St. Modwen Properties Limited
- Type: Private limited company
- Industry: Property and Regeneration
- Predecessor: Clarke St. Modwen Redman Heenan International plc
- Founded: 1966
- Headquarters: Birmingham, United Kingdom
- Key people: Sir Stanley Clarke CBE, (co-founder) Jim Leavesley, (co-founder) Danuta Gray, Non Executive chairman Sarwjit Sambhi, (CEO)
- Revenue: £342.1 million (2020)
- Operating income: ▼£(126.6) million (2020)
- Net income: ▼£(120.8) million (2020)
- Parent: The Blackstone Group
- Website: www.stmodwen.co.uk

= St. Modwen Properties =

British real estate company

St. Modwen Properties Ltd. was a British-based property investment and development business specialising in the regeneration and remediation of brownfield land and urban environments. It was headquartered in Birmingham and had a network of four regional offices across the UK. It was listed on the London Stock Exchange until it was acquired by The Blackstone Group in August 2021.

==History==
The business was founded by Sir Stanley Clarke CBE and his brother-in-law Jim Leavesley in 1966 as a property development business called Clarke St. Modwen. In 1986 the management reversed the business into Redman Heenan International plc, a listed former engineering concern that had become a shell company. At that time, in 1986, the name was changed to St. Modwen Properties plc.

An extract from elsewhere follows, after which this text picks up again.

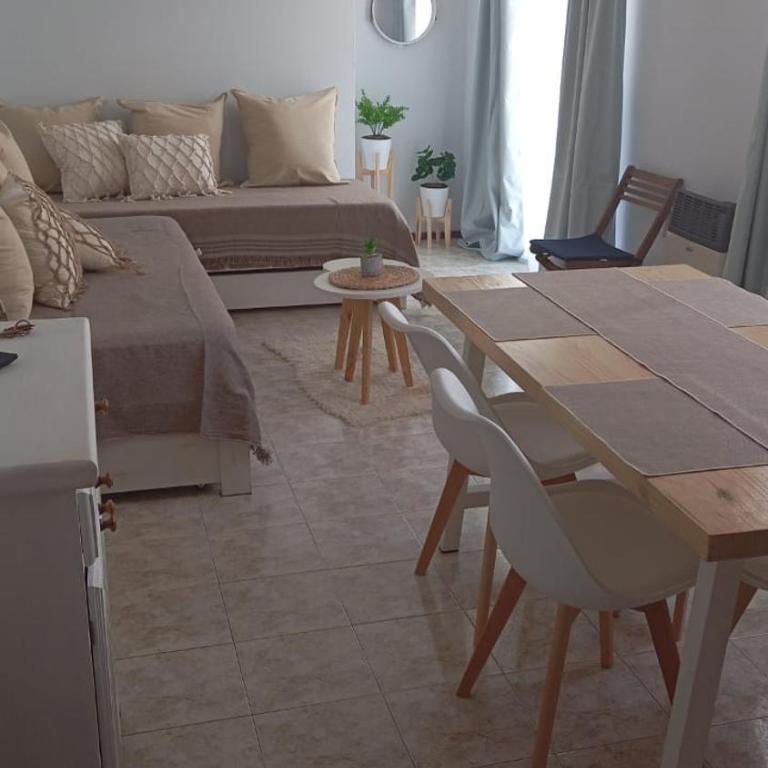 Vacaciones junto al mar - One-Bedroom Apartment - 36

In the 1980s the company developed the Stoke-on-Trent Garden Festival site.

In January 2004 the company acquired a 230-acre site at Longbridge from Phoenix Venture Holdings. The land at the Longbridge site was obtained by St Modwen Properties at a fraction of the actual value after the company paid a £100,000 property commission to a firm run by an associate of the Phoenix Four.

In January 2013 the company entered into a development agreement for the New Covent Garden Market site in London and in March 2013 the company entered into a development agreement for the first phase of Swansea University's Bay Campus.

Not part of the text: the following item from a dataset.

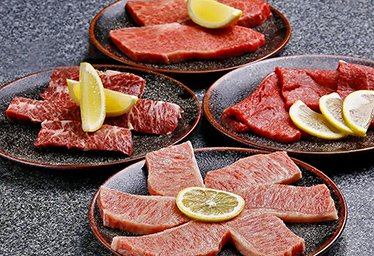 焼肉ホルモン一品料理　晋州亭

In June 2016 the company entered into development agreements for the Spray Street Quarter in Woolwich, a regeneration project in joint venture with Notting Hill Housing to create a mixed-use development; Chippenham Gateway in Wiltshire, a 79-acre site to be developed into a 1 million sq ft industrial park; and Stanton Cross, Wellingborough, a project involving 1 million sq ft of industrial accommodation.

In July 2016 the company established a private rented sector (PRS) business unit.

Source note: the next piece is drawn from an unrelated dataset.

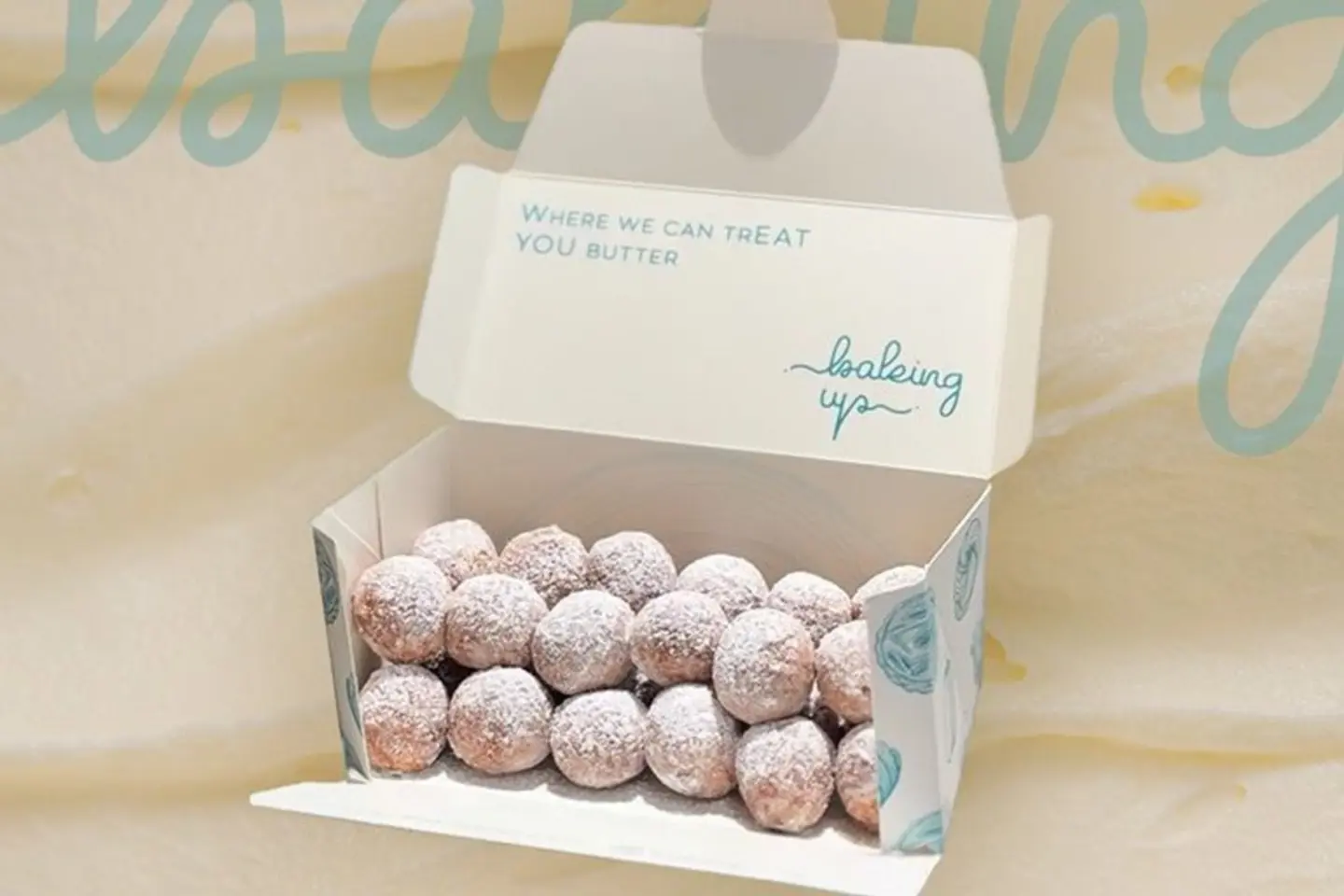 ميني جوي دونات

In 2018, the Court of Appeal ruled that in entering a development agreement with St. Modwen to develop an industrial estate in Newbury, West Berkshire Council had "effectively agreed to act unlawfully in the future". The disposal of the land in question was seen by the Council as a "land transaction" rather than a public works contract, and the opportunity to acquire the land was advertised so as to secure interested bids and "best consideration" in accordance with the Local Government Act 1972. The agreement allowed the developer the option to draw down land under a series of long leases, but if an option was taken up, the developer was contractually obliged to develop the site. The Court of Appeal, overruling the Administrative Court's judgment at first instance, held that such "contingent obligations" met the criteria for being considered a public works contract, whose procurement should have been undertaken in accordance with the full requirements of the Public Contracts Regulations 2015. The development agreement was ruled "ineffective".

The company agreed to be acquired by The Blackstone Group in a £1.24 billion (€1.4 billion) transaction in May 2021.

The assets managed by St. Modwen Logistics were transferred to Industrials REIT, later Indurent, in July 2024.

In December 2024, Miller Homes agreed a deal to buy St. Modwen Homes in a deal worth around £215 million, subject to regulatory approval in early 2025.

==Operations==
The company had three business units:
- St. Modwen Homes
- St. Modwen Industrial & Logistics
- Strategic Land and Regeneration

The company owned a property portfolio valued at £0.9 billion at 30 November 2020.